I made this over the weekend out of a ground buss bar from the electrical department. Nothing a few hours with a file and a dremel couldn't fashion into a nice little pice of hardware. I'm still not done with it though, so stay tuned...


----------



## gatesofcarnage (May 27, 2009)

Sounds like a cool build! i like your bridge system so far


----------



## darren (May 27, 2009)

cadenhead said:


> I made this over the weekend out of a ground buss bar from the electrical department. Nothing a few hours with a file and a dremel couldn't fashion into a nice little pice of hardware. I'm still not done with it though, so stay tuned...



Awesome! Now THAT is the kind of creativity i like to see!


----------



## liamh (May 27, 2009)

This is gonna be one badass guitar, keep us informed


----------



## cadenhead (May 27, 2009)

darren said:


> Awesome! Now THAT is the kind of creativity i like to see!



Just the tip of the iceberg.

I just hope the wild ideas I have in mind actually work.


----------



## Panterica (Jun 5, 2009)

bridge idea ftw


----------



## cadenhead (Jun 5, 2009)

Panterica said:


> bridge idea ftw



That's not actually the bridge 

I'll likely post some more build pics over the weekend. Though I don't want to spoil any surprises.


----------



## Panterica (Jun 8, 2009)

...spoils them, or i'll spoils you


lets us see it!!!


----------



## cadenhead (Jun 8, 2009)

Panterica said:


> ...spoils them, or i'll spoils you
> 
> 
> lets us see it!!!





I got called in to work this weekend, so I didn't get a chance to do any work or take pics.


----------



## Concerto412 (Jun 10, 2009)

cadenhead said:


> _That's not actually the bridge_
> 
> I'll likely post some more build pics over the weekend. Though I don't want to spoil any surprises.

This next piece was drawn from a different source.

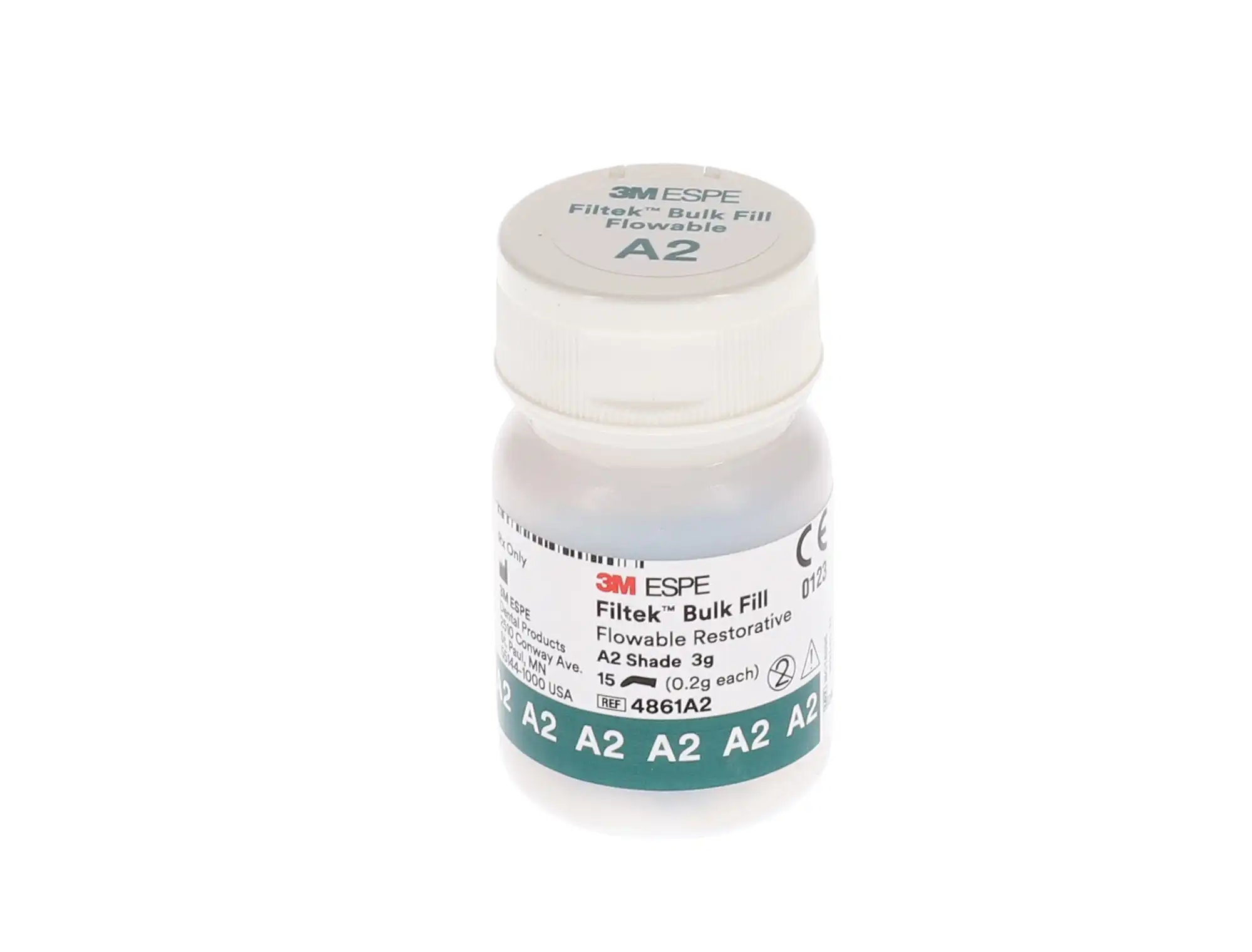 3M Filtek Bulk Fill Flowable Restorative Capsules, Shade A2, 0.2 g, 15/Pk, 4861A2 thumbnail 8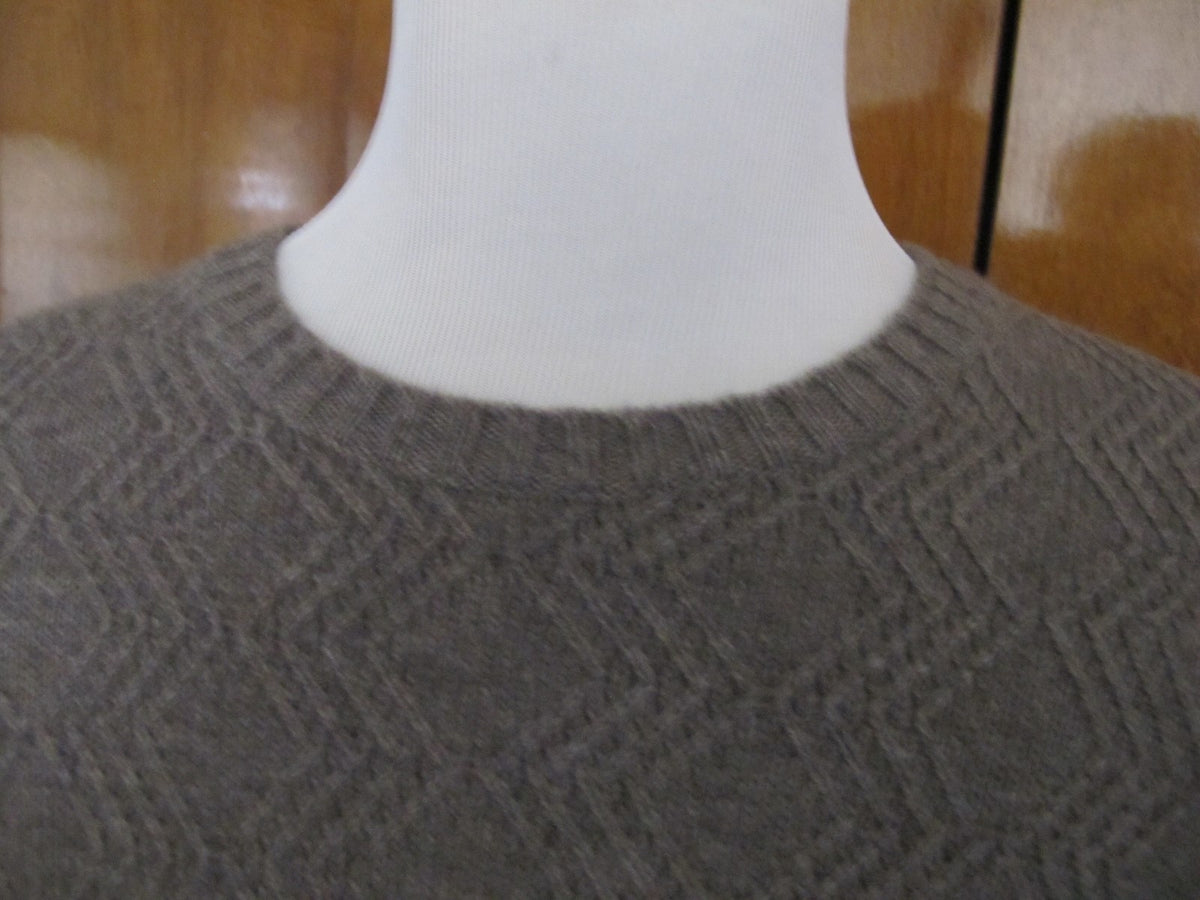 Bloomingdale's men's  toastdalmond crewneck cashmere sweater size XXL New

Noting that you mentioned this was a headless design, I would assume it's a locking retainer to mount rear of the nut?
Love the ingenuity!


----------



## cadenhead (Jun 13, 2009)

Panterica said:


> ...spoils them, or i'll spoils you
> 
> 
> lets us see it!!!



Alright, alright... you asked for it.


Here's my work area just outside my front door :





So let's start shall we? What do we have here???




In keeping with the theme, this drill guide that I bought from Home Depot will be used to do something it wasn't intended to do. But what could it be? And despite what it looks like, this thing is mostly plastic.

I had to bust out the chisel to put this bolt through the wood. Turns out the bolt wasn't long enough.





You might notice that there is something missing, but what?
I'll leave you all hanging a bit and show you what happened as a result:





That's right, a washer. How could I have forgotten... 
This makes it much easier, along with a little WD40 to cool the bit and bolt.











Nice hole huh? 





It fits!!!  Note: this is the 85 gauge string that I use to tune down to G on my other 7's.





Just to give you an idea of where these are going:





Some more work done to the bolt head.





and nearly done:





Since it's starting to get late, I decide to put the drill and dremel down for the night. I don't want to piss off the neighbors any more than I have already. This means it's time for a drink.  





...and some tunes.





This pice took forever and then some to do with a file with a file. This will be part of the string clamps since the part that is done now is made of aluminum, I didn't want the strings to destroy it when it was done.

















That's all for now.

Catch you all next week for another installment of building shit with Cadenhead.


----------



## Variant (Jun 13, 2009)

Coming along nicely, indeed! I'll have to check the details of your progress tonight, my friend.


----------



## Arminius (Jun 13, 2009)

yay! somebody else is finally building.  Power to you for working on the hardware, i'm too intimidated right now


----------



## cadenhead (Jun 13, 2009)

Aysakh said:


> yay! somebody else is finally building.  Power to you for working on the hardware, i'm too intimidated right now



I am doing the hardware first so I can make sure it all fits on the body design I have in mind. Once I finish the hardware, I'll do the mockup in foam core first.


----------



## Arminius (Jun 13, 2009)

cadenhead said:


> I am doing the hardware first so I can make sure it all fits on the body design I have in mind. Once I finish the hardware, I'll do the mockup in foam core first.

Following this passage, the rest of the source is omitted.